Hi,
I'm not sure if the outage from yesterday qualifies for an official
incident report. Let me know. Anyway, I will write here a report of what
happened for future reference.
Timeline:
* 2018-03-06 12:58Z arturo doing package upgrades in toolforge (jessie
machines) with clush [0]. All operations are logged in SAL [1].
* 2018-03-06 13:21Z some upgrades failed because a debconf prompt. The
debconf prompt happened because not using DEBIAN_FRONTEND=noninteractive
This resulted in stalled dpkg operations.
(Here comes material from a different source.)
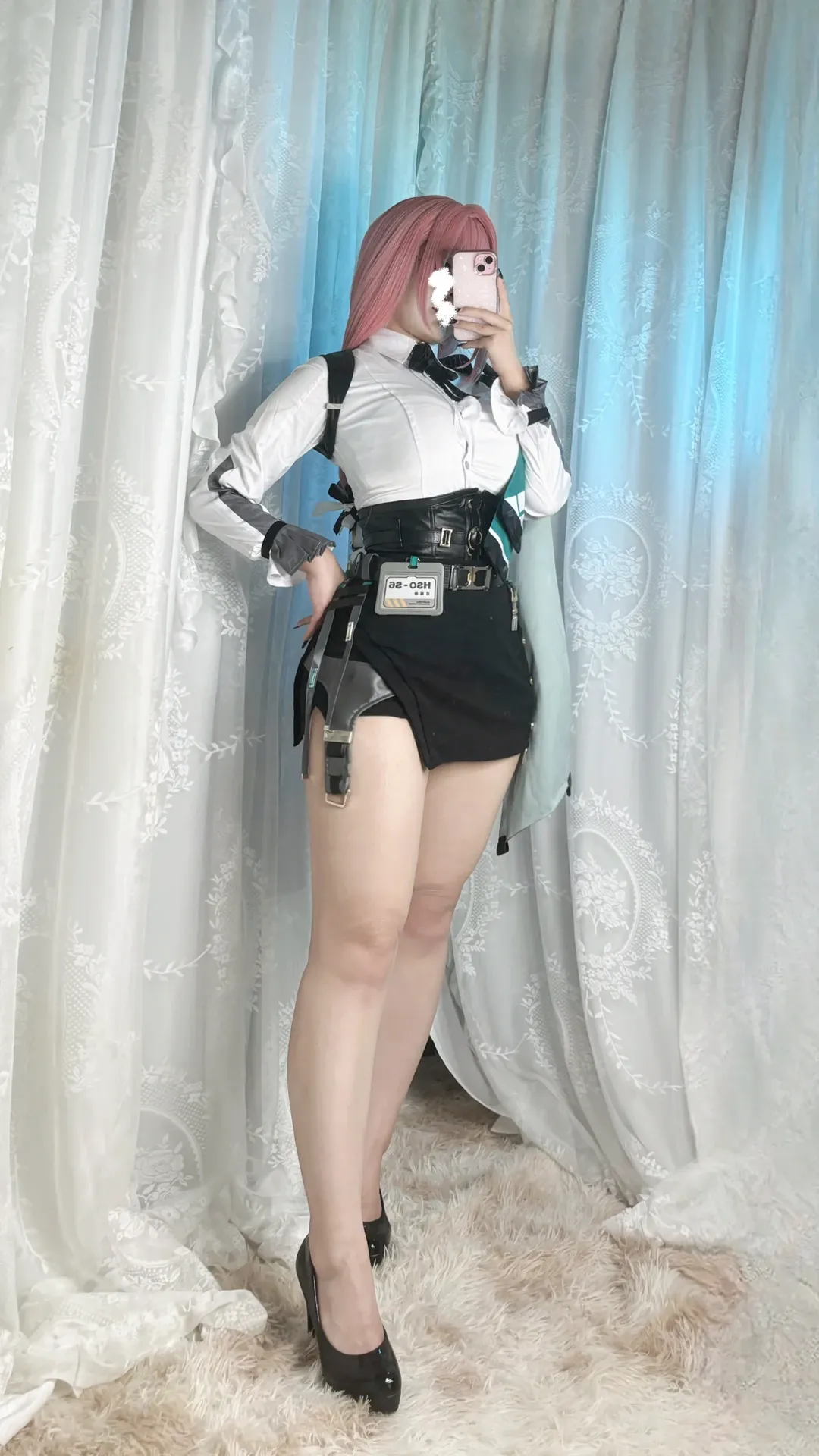 绝区零, cosplay穿搭, 月城柳cos, 绝区零cosplay, 月城柳对空六课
Also, there were clashes with
puppet apt operations
* 2018-03-06 13:21Z arturo killed stalled dpkg procs in toolforge and
reconfigured affected packages. There are 2 important affected packages:
libnss-ldap and sudo-ldap
* 2018-03-06 13:32Z users reports of some tools in toolforge misbehaving
via IRC and phabricator [2][3][4], we start investigating (arturo and
chico)
* 2018-03-06 13:38Z firsts investigations are directed towards DB
issues, so the DBA team is contacted. They confirm all is working fine
in their side.
* 2018-03-06 14:07Z chase arrives the scene and start investigating. NFS
clients issues are detected. Users can't read files in their home
directories in toolforge.
* 2018-03-06 14:23Z chasemp downtimes icinga alert for k8s workers
* 2018-03-06 15:13Z Andrew, Madhu, Bryan and Brook come to give some
helping hand.
* 2018-03-06 15:21Z tracking task is created in phabricator [5]. By this
time, is more than clear that the issue is related to the earlier
package upgrades.
* 2018-03-06 15:27Z some toolforge servers are rebooted. It is suggested
we start rebuilding part of the cluster.
* 2018-03-06 15:57Z Madhu reports that nscd restart + nscd cache flush +
machine reboot + puppet run can get servers back into good state.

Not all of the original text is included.